▸ What this task involves:
Please retype the entries below exactly, only from their first line through the line containing "Group of outdoor", leaving every picture out.

[Listed records — start]

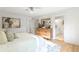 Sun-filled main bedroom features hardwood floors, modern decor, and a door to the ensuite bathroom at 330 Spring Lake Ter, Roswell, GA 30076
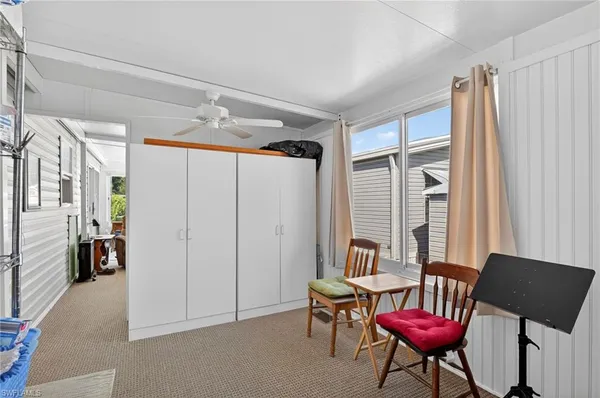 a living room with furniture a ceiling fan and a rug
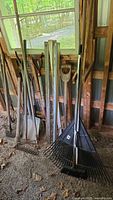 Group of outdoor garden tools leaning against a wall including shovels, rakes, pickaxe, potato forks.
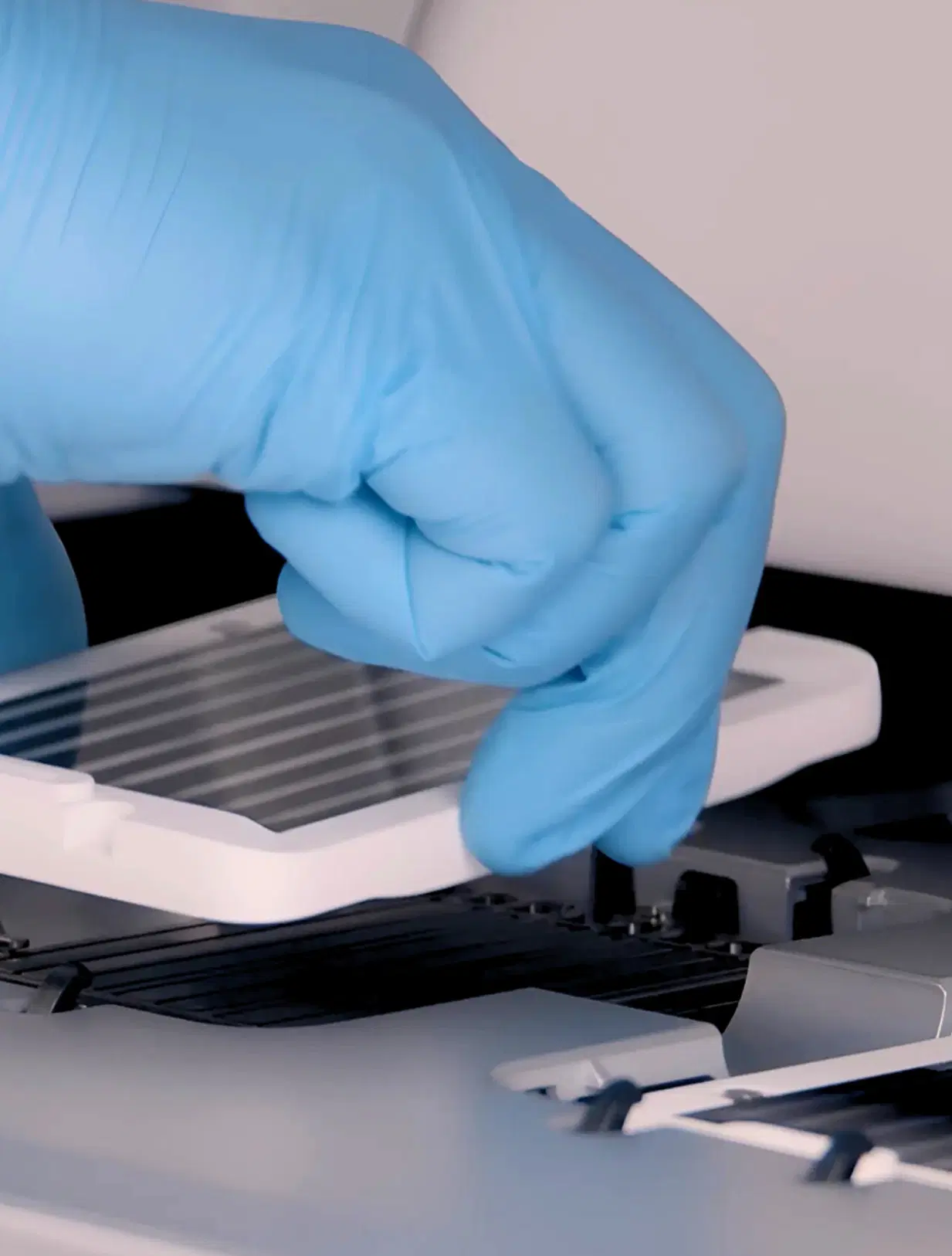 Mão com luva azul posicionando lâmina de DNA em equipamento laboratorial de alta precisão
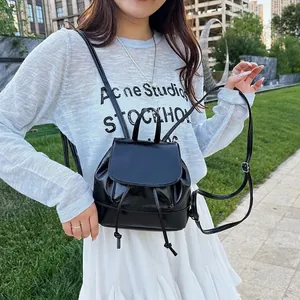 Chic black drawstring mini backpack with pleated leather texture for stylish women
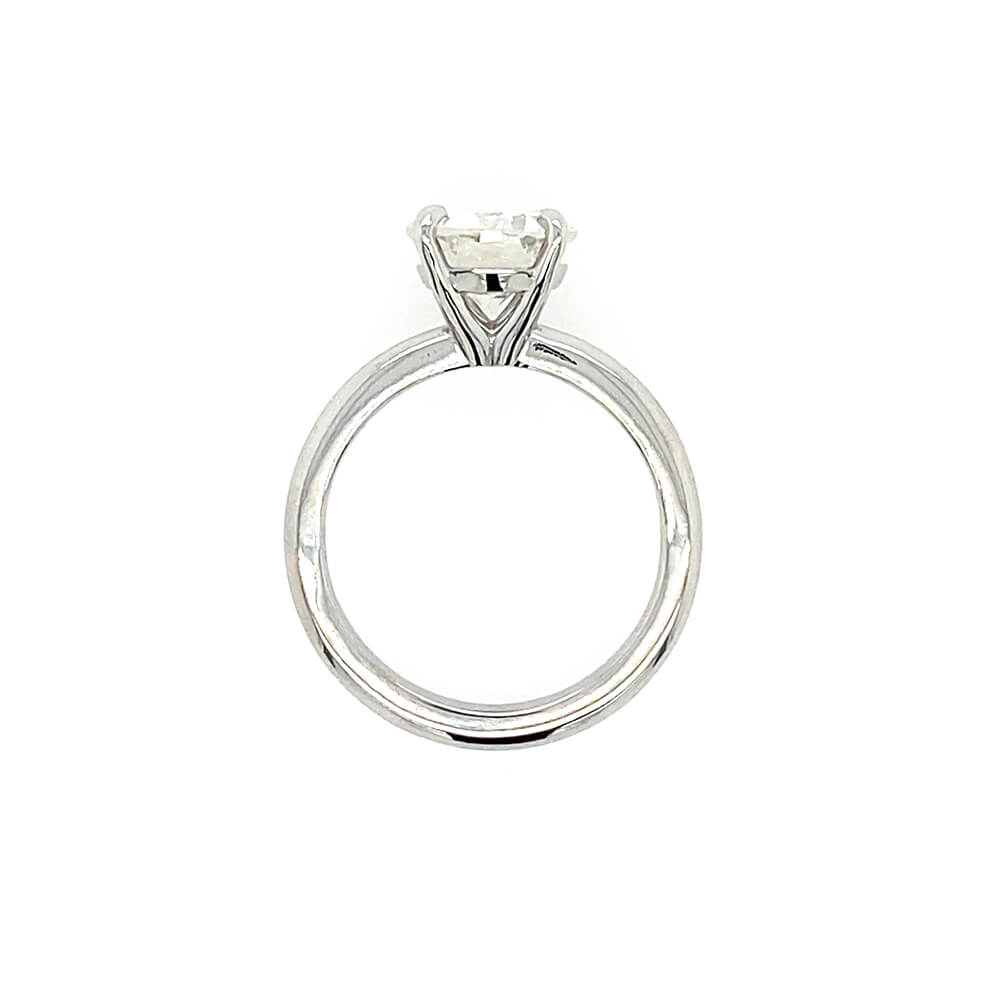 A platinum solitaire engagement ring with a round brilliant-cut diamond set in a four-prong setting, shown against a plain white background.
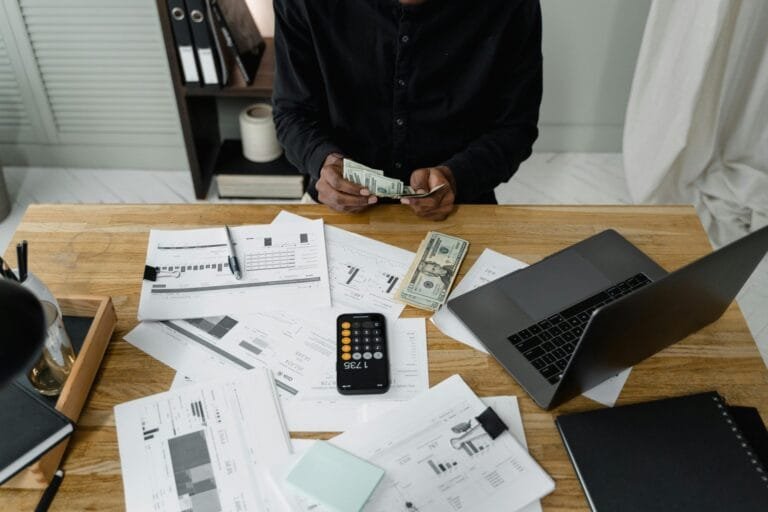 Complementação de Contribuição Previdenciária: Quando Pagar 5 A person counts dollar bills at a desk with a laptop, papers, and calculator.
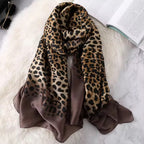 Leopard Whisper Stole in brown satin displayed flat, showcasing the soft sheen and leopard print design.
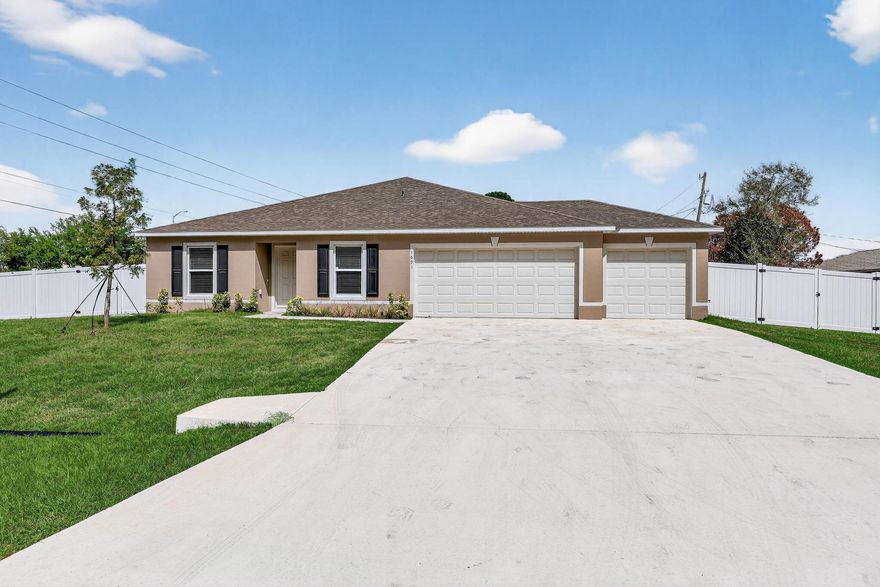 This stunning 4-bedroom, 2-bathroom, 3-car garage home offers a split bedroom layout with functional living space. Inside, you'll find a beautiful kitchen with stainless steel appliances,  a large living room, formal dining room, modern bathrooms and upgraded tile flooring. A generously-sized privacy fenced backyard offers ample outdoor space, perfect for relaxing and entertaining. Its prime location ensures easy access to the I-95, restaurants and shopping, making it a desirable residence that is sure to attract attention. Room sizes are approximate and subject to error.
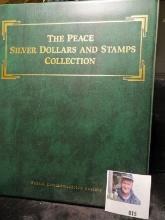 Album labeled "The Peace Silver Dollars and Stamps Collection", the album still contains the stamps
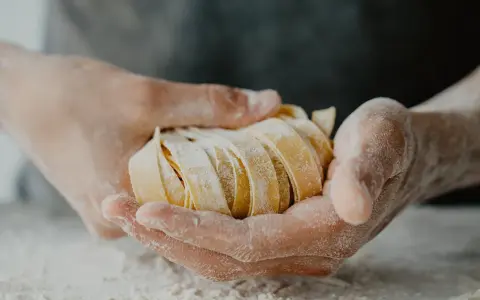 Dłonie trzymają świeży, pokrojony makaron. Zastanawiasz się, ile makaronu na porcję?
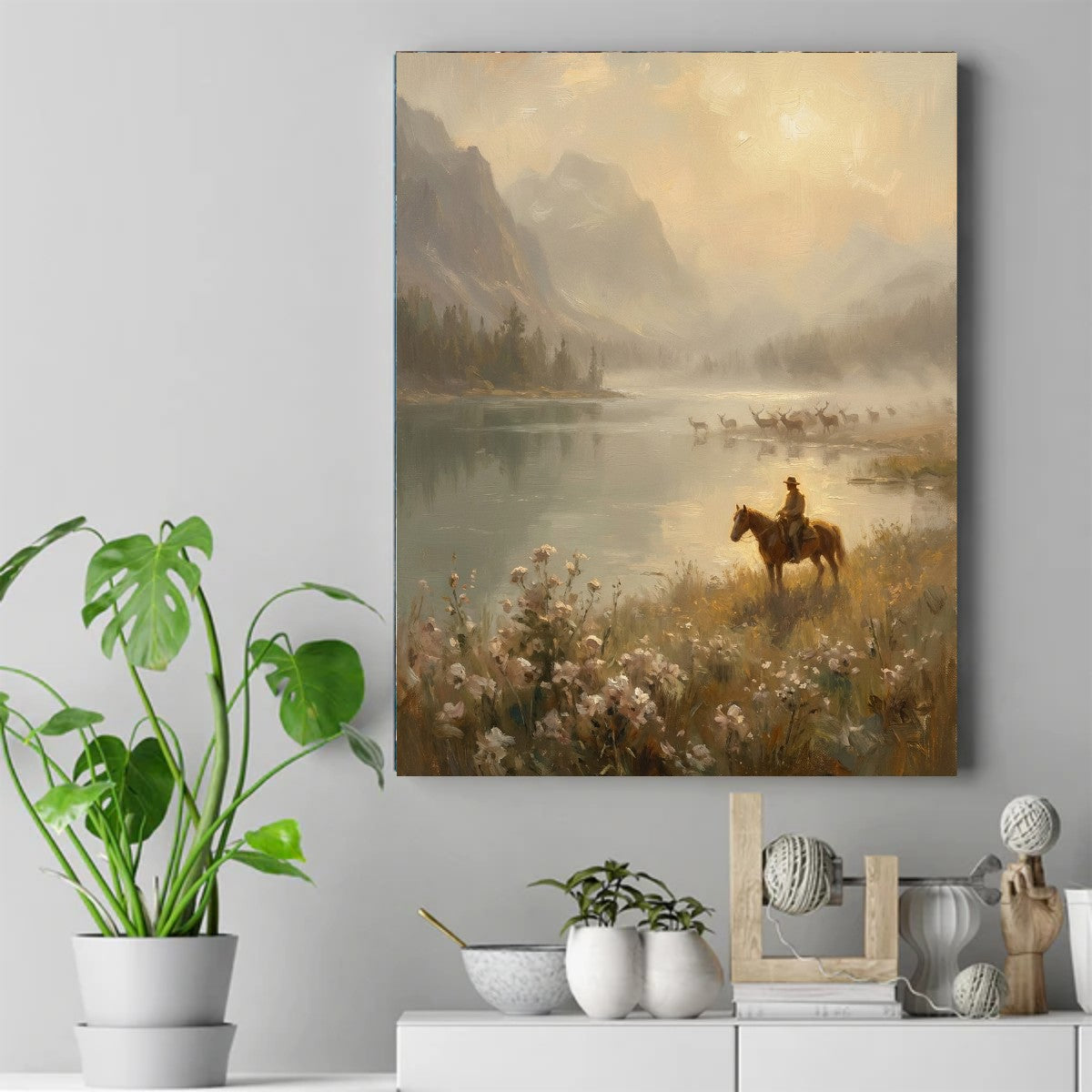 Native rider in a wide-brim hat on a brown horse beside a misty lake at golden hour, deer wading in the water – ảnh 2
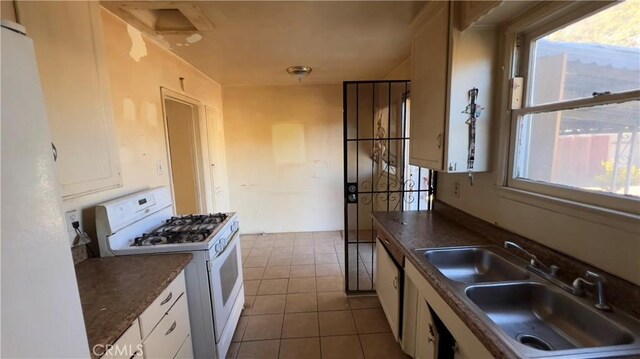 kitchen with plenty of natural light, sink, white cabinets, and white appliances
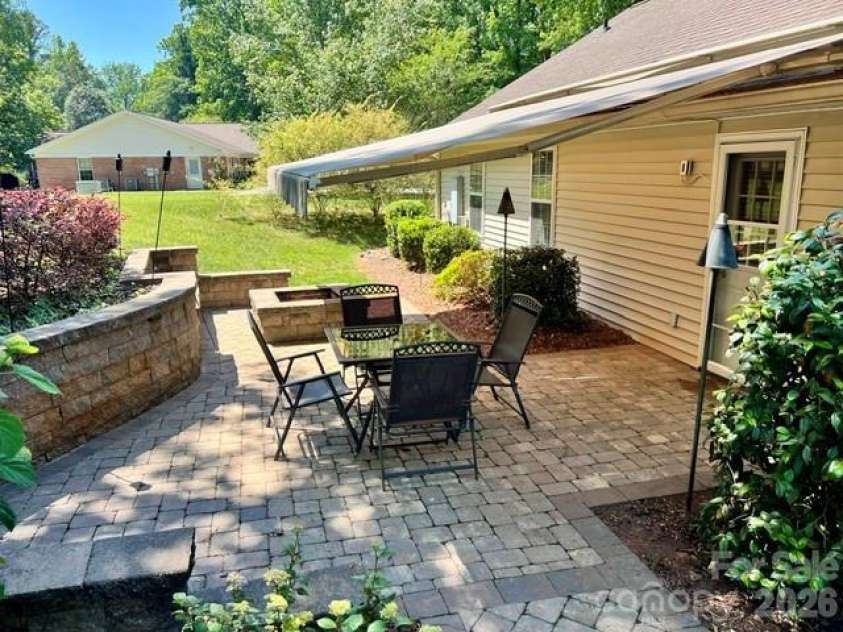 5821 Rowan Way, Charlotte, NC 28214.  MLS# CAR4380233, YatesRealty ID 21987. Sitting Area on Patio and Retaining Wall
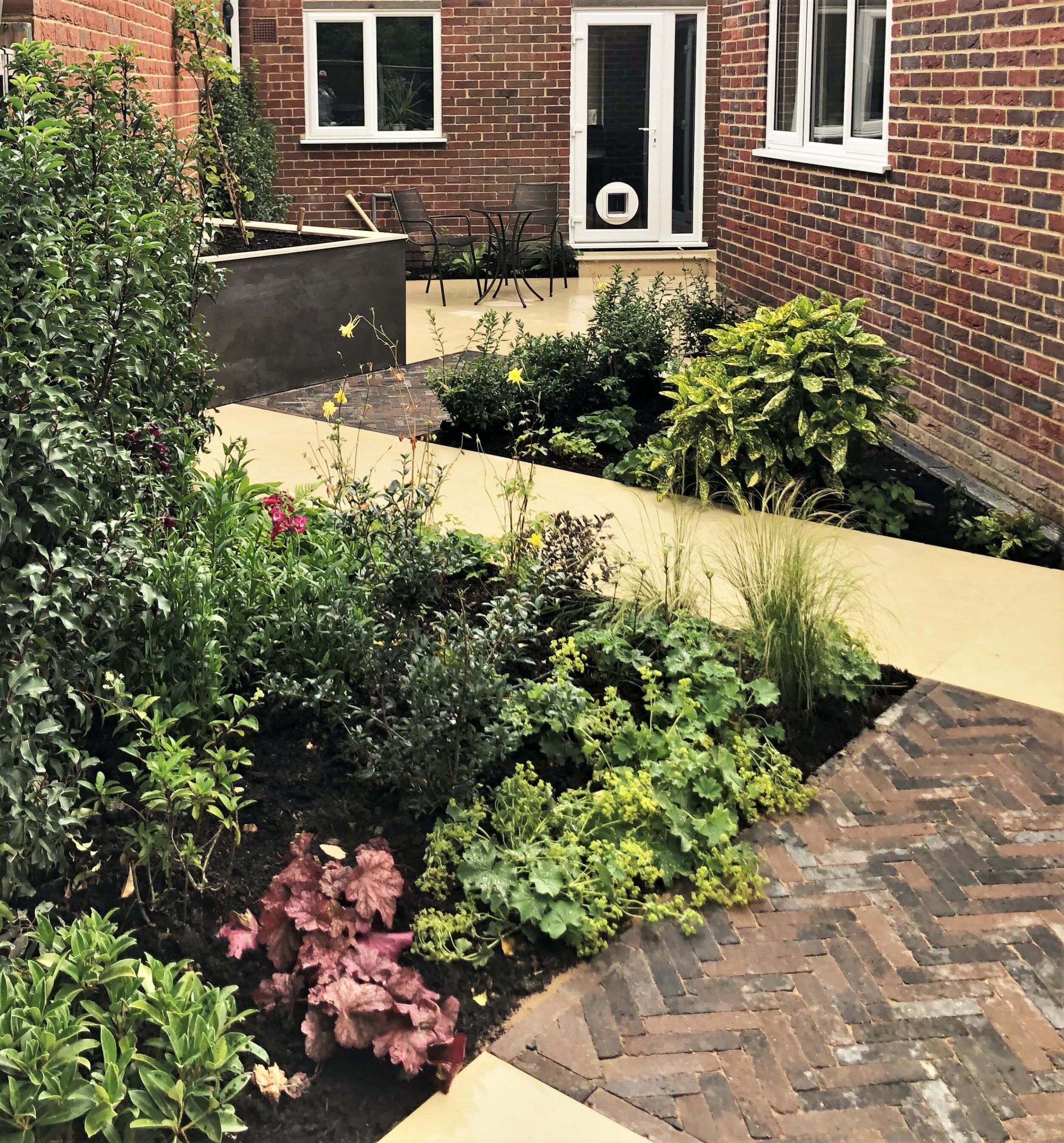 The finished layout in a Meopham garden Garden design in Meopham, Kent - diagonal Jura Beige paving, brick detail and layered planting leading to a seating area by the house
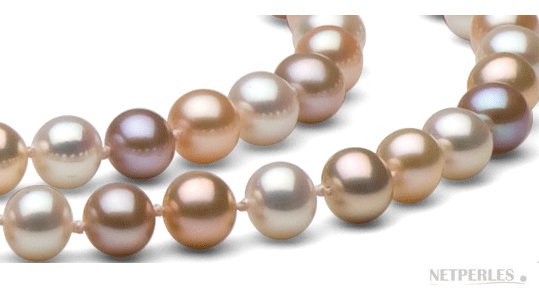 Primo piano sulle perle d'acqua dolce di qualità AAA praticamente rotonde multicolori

[Listed records — finish]

▸ Response area:
 Sun-filled main bedroom features hardwood floors, modern decor, and a door to the ensuite bathroom at 330 Spring Lake Ter, Roswell, GA 30076
 a living room with furniture a ceiling fan and a rug
 Group of outdoor garden tools leaning against a wall including shovels, rakes, pickaxe, potato forks.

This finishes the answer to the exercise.